You have been spotted, and when you and your special friend finally meet, you cling together in joyous reunion, never to be parted again. The happy kisses rain upon your face; your hands again caress the beloved head, and you look once more into the trusting eyes of your pet, so long gone from your life but never absent from your heart.
Then you cross Rainbow Bridge together...."
It's not much, but at least for my family it provides somewhat of a sense of comfort.  I hope for others who have pets or have lost pets that you might find some comfort or happiness from this poem too.

For my sweet Silky, our ten years of friendship will not be forgotten. Nobody: cat, human, or any other creature, deserves cancer. Nobody deserves to have to watch loved ones slowly fade away. You will be buried under an agapanthus with a path leading straight to you. You will be wrapped in the same blanket you were once wrapped in before, albeit to clip your nails, and place in your favorite sleeping place: the napkin basket. I will miss you forever. I love you, baby boy.

Monday, February 17, 2014

Tact

Certain people lack tact. And quite frankly, it bothers me that this had to be an issue. So let's discuss the Do's and Do Not's of asking a cat lover if they've thought about euthanasia for their dying cat.

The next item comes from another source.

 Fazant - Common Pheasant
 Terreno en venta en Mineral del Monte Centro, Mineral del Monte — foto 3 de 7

Do NOT ask, "Have you thought about ending his suffering?"

 For so, SO many reasons:
  1. You don't know if the cat is suffering. Unless the owner has specifically told you that the cat is in pain or some other thing that would be considered suffering, do NOT just assume.
  2. The question is basically asking, "Have you thought about killing you child/friend/other family member?" It's a very blunt and rude way of asking that question.
  3. What do you think the answer is going to be? It's NOT going to be like this:
"Have you thought about it?"
"Oh no, I hadn't thought about it, but that's a great idea! I'll definitely do that"
Seriously. Any cat lover or really any other animal lover who is going through the pain of losing their pet has thought about whether or not they should be and if they decide they should, what the timing should be. Which brings me to the point of timing. Your animal dying doesn't mean that you should get it over as quickly as possible like ripping off a Band-Aid. No. Just no. A lot of animals are fighters and will stay as long as they can. The animal usually knows when the right time is and when they're ready. As an outsider, you don't get to make that call for the family. Not cool.

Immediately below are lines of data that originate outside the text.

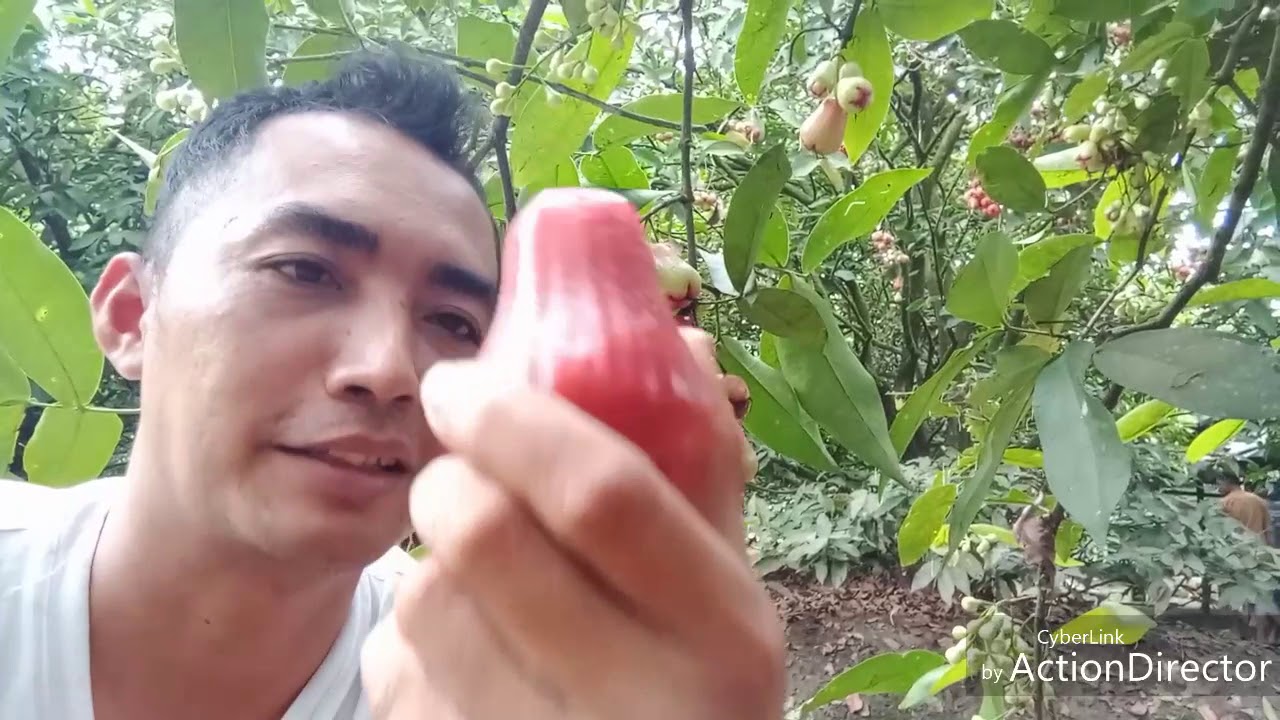 1 MILYAR per tahun dari hasil JAMBU CITRA (water Apple farming)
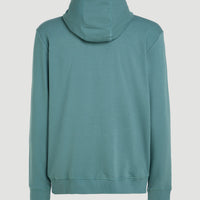 Small Logo Full-Zip Hoodie | North Atlantic
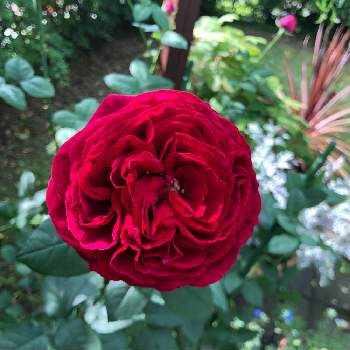 我が家の庭の画像 by ニゲラ23さん | 小さな庭と毎年の楽しみと我が家の庭と薔薇♪と赤い薔薇♡と朝の庭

So here's what you should do:

Nothing. Avoid the question, because quite frankly, it's none of your beeswax. If someone is opening up about the fact that they are going through something like this, your advice about putting the animal down is completely unwarranted, unless asked specifically, "What do you think" by the owner themselves. You give them sympathy and support until they ask for something specific. This is especially true if you yourself have never in your life had to deal with the loss of a pet or the decision to put the animal down. If you don't have experience with that kind of loss, what new perspective do you really think you have? None. The answer is none. You have absolutely no idea what you're talking about and you need to stop. Now.

*screams in frustration*

Rant over. Sorry about that, readers. Someone just asked me that question and in case you couldn't tell, it really ticked me off. Anyways, I hope you had a good week last week. And hopefully, none of you will make the mistake of asking someone this question while they're in the middle of dealing with taking care of their beloved animal.

With love,
PolarBearMoose <3

Sunday, February 9, 2014

Quick Updates

I'm going to make this short and sweet since there's not much to say and I don't have a normal post ready for you guys.

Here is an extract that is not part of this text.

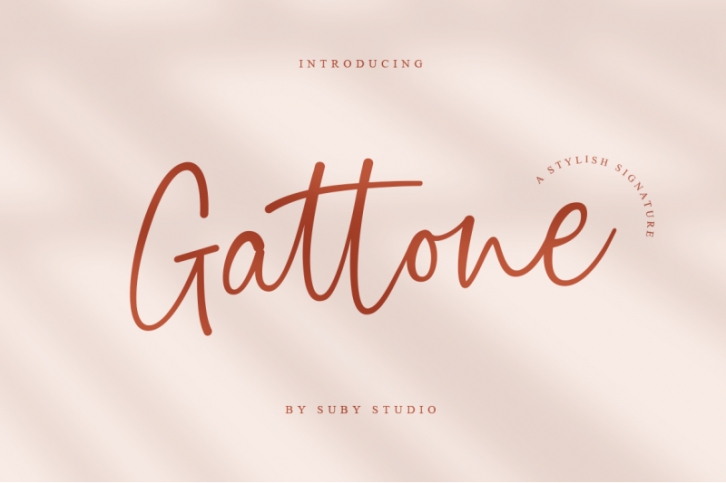 Gattone - Stylish Signature Font Font Download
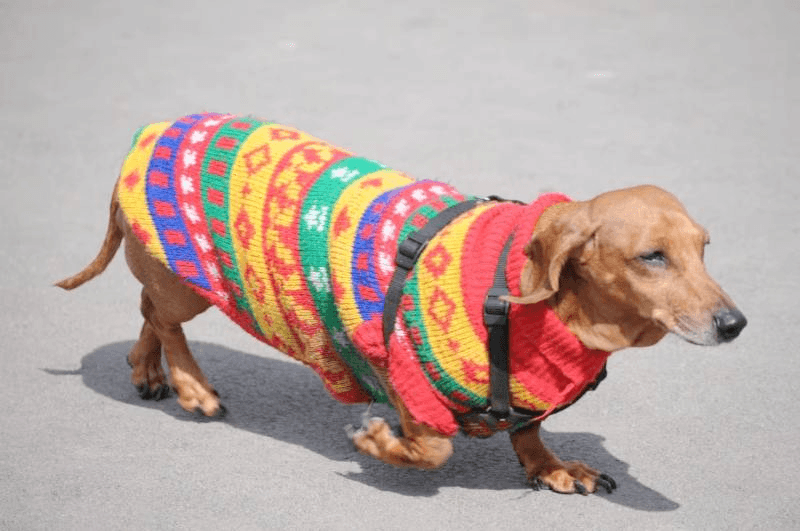 dog sweater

Just an FYI for all you lovely readers, I'm cleaning up some social media and cutting back. I realize I only just announced the deviant art thing. I'll still have it, but I'll only have cosplay photos up. Sorry. If you still want to see my other photos though, they're on 500px. The link is in the sidebar.

Also, while I realize my blogging is already somewhat random and not often, I will not be blogging as much for the next few weeks due to Silky's health and my desire to spend as much time as I can with him before he goes.

Thank you for those of you who take the time to check my blog and read. I do appreciate it.

With Love,
PolarBearMoose <3

Friday, January 31, 2014

Silky Bear





Yesterday, I talked at the end of my post about my Silky Bear and how he isn't doing well.  There are some updates now as to what information I have on his health.

This morning we took him to the vet for an ultrasound. We took him first thing knowing the technician would be dropping by at some point during the day and we would just pick him up once he was done. As luck would have it, the technician was also there first thing in the morning, so it we didn't even have to leave him there. The news we received was not as fortunate.

One of his kidneys is larger than the other, which led the vet to believe that he potentially has renal lymphoma. While potentially this is not actually the problem, it is very likely that it is the case. He also has a growth on his shoulder which means it has infiltrated other parts of his body. We were not given an estimate on how much longer he has. To help him eat and be in less pain, he is taking prednisone and an appetite stimulant, but it will not extend his life. For nearly $2,000, we could extend his life for maybe 2 months with chemo. Is it worth it? Probably not. If we choose to only give him prednisone, he might live a normal life until it stops working. We're told that one day, he'll probably stop eating for a couple days in a row at which time we will have to make a decision: put him down or begin chemo or let him suffer. It is not worth so much to get an extra two months, and letting him suffer is definitely out. So it's just a matter of when.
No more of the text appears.